Among the entries below, the lines from the one with "Chocolate Bar Slice" up to and including the one with "Angel And Demon Sitting On Scales" are to be restated exactly, without pictures.

**** Data for this exercise

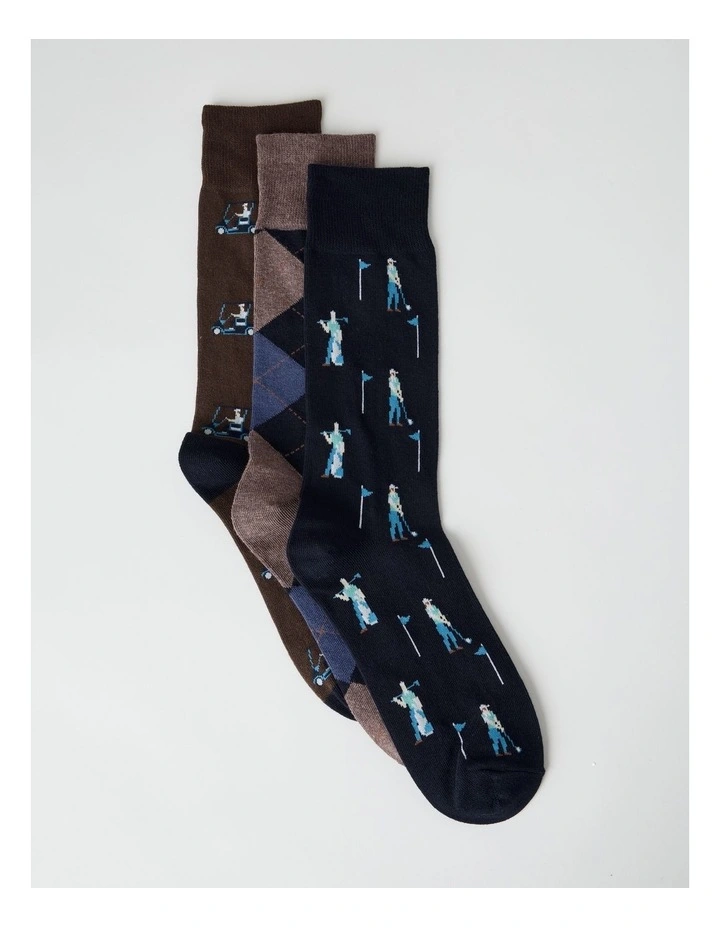Golf Socks 3 Pack in Navy, Coffee Marle, and Warm Brown image 1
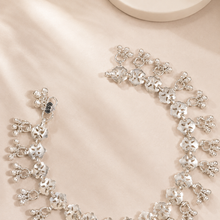 Floral Cutwork Silver Anklets
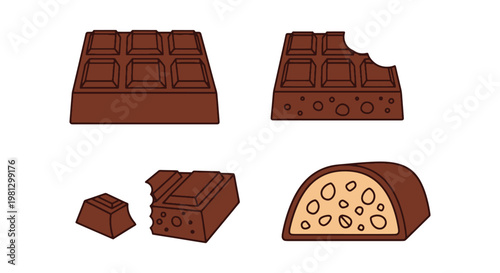 Chocolate Bar Slice Line art modern abstract clean vector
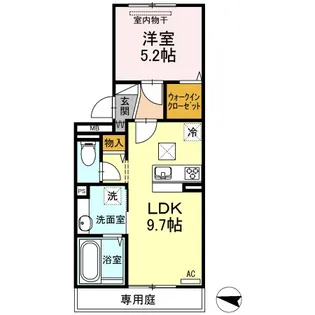 ベイブランシェ西阿知【1階】の間取り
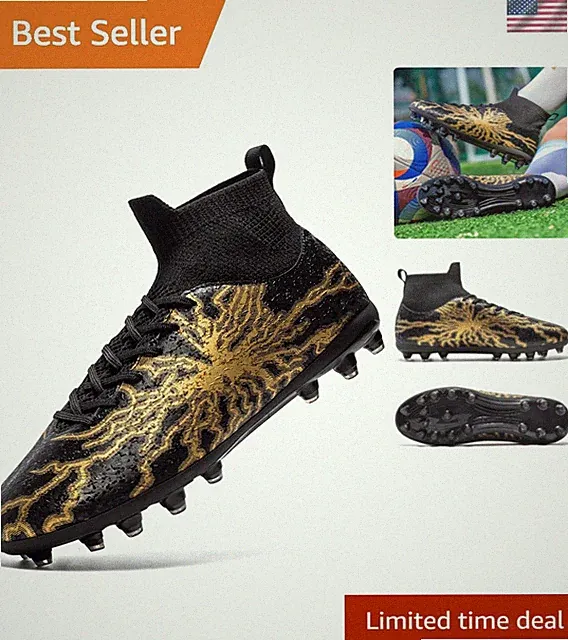 Kids Soccer Cleats Boys Girls Training Football Cleats Youth High-top Soccer...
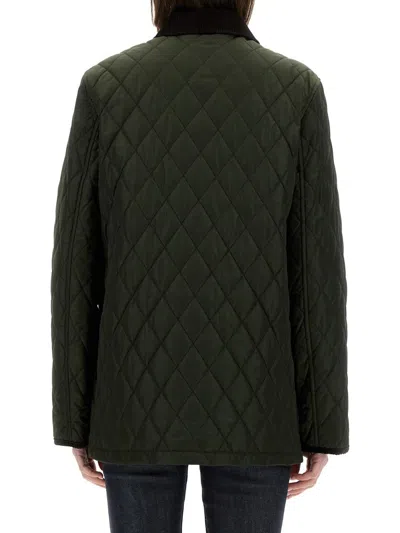 Burberry Quilted Jacket Corduroy Collar Casual In Green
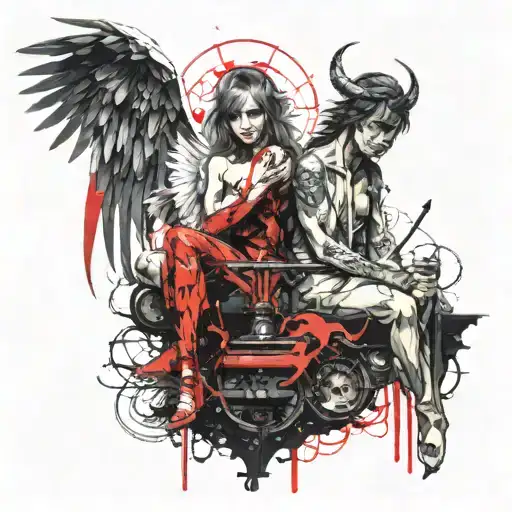 Angel And Demon Sitting On Scales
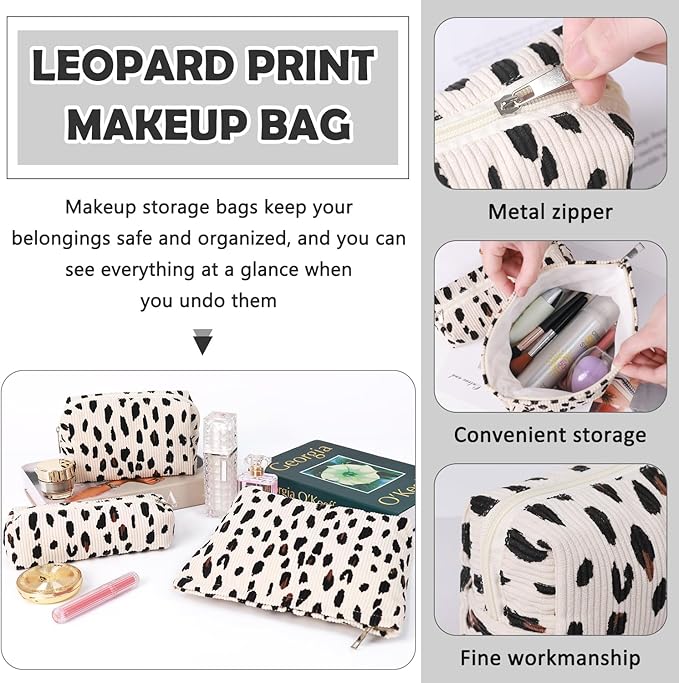 Gocvo 3 Pcs Makeup Bag Cosmetic Bag Set for Girls Women Travel Organizer Bathroom Toiletry Pouch Large Capacity Storage Bag (Leopard Beige)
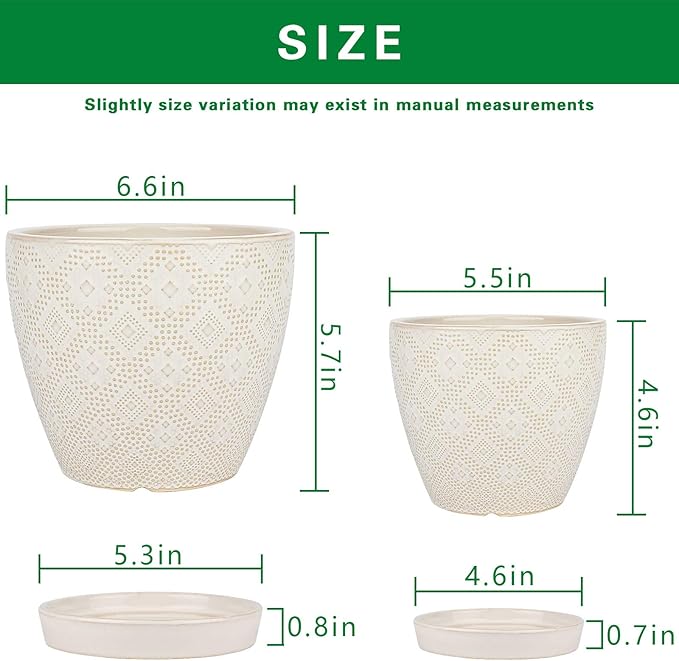 Docrin Ceramic Plant Pots Indoor 6.6 + 5.5 Inch Planters with Drainage Holes and Saucer for Home/Office - Set of 2 /White
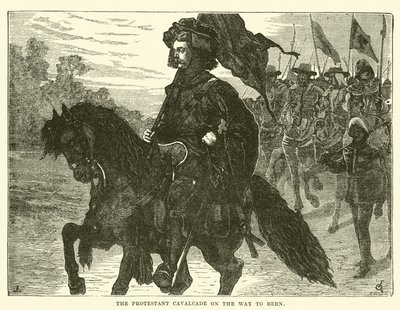 La Cabalgata Protestante en Camino a Berna (grabado) de English School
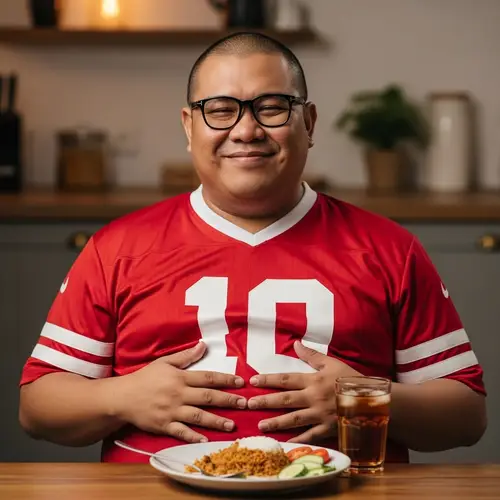 Indonesian Man in Football Jersey and Glasses | Expression of Satisfaction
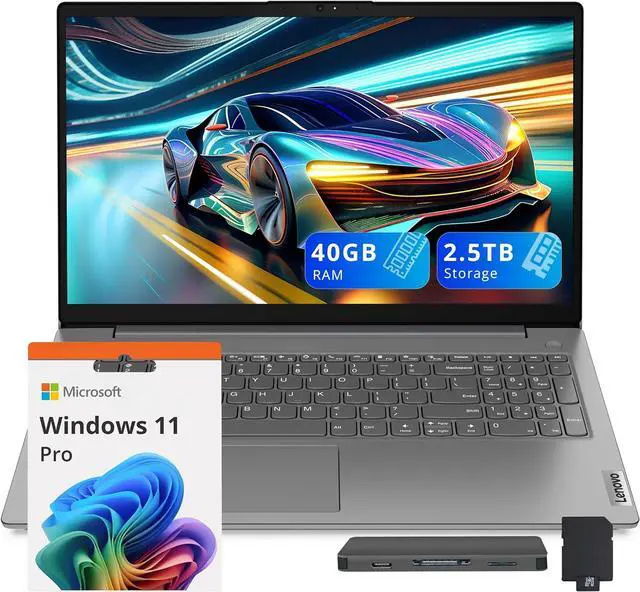 Main image of Lenovo V15 G4 IRU 15.6" FHD Business Laptop, Intel Core i7-13620H, 40GB RAM, 2.5TB Storage(2TB SSD+512GB Docking Station Set), Intel UHD Graphics, Wi-Fi 6, Windows 11 Pro, Gray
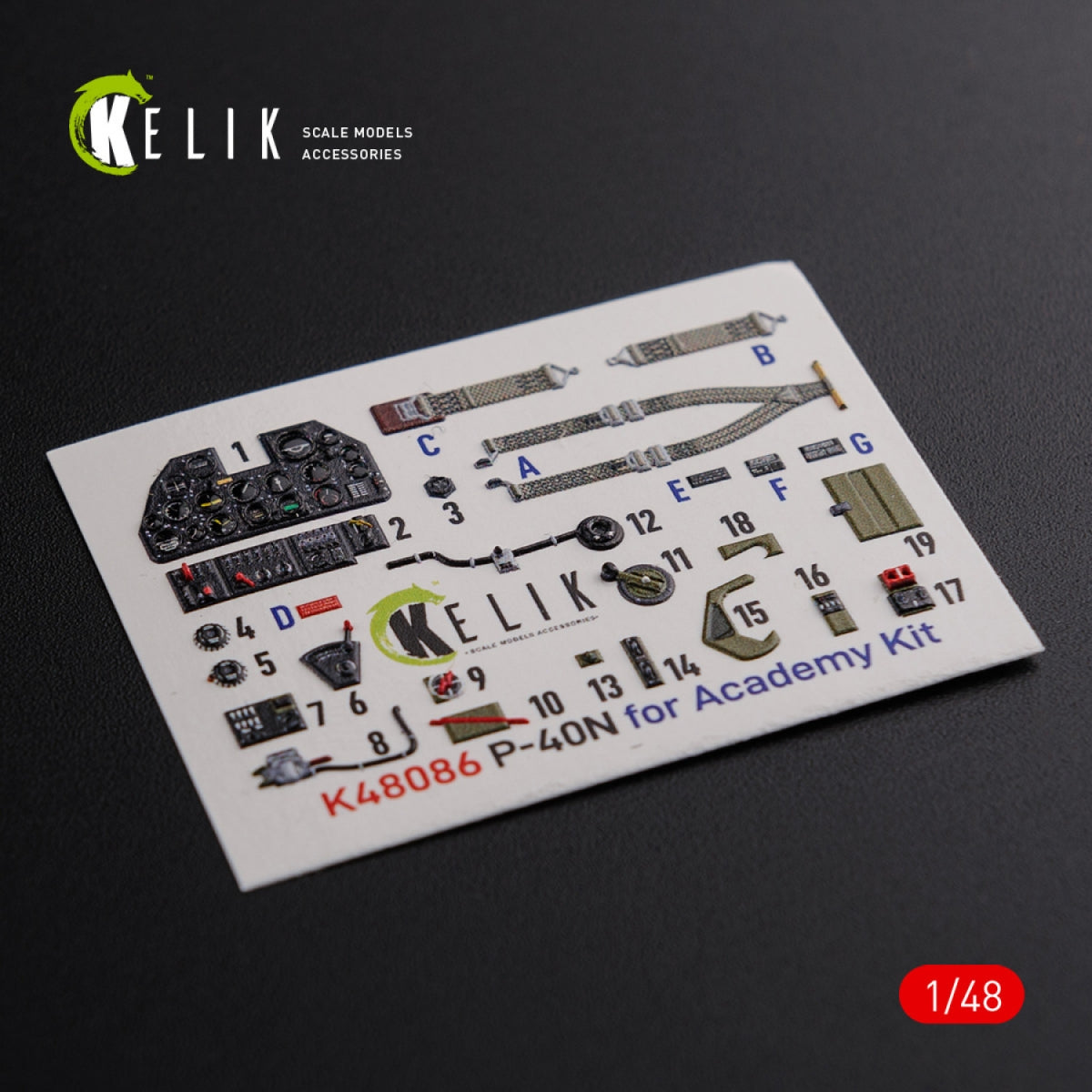 KELIK K48086 P-40N interior 3D decals for Academy kit 1/48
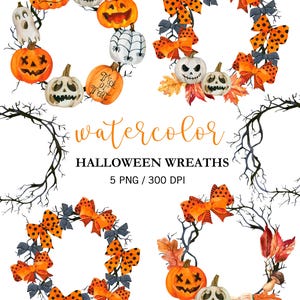 Watercolor Halloween Wreath, PNG, Halloween Clipart, Fall Clipart, Halloween Party Decor, Halloween Invitation, Watercolor Wreath, Autumn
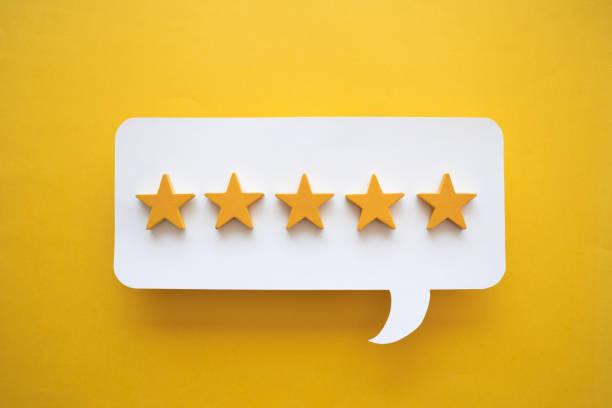 Five Star Customer Rating Five star rating feedback with speech balloon. first class stock pictures, royalty-free photos & images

********

Solution:
 Chocolate Bar Slice Line art modern abstract clean vector
 ベイブランシェ西阿知【1階】の間取り
 Kids Soccer Cleats Boys Girls Training Football Cleats Youth High-top Soccer...
 Burberry Quilted Jacket Corduroy Collar Casual In Green
 Angel And Demon Sitting On Scales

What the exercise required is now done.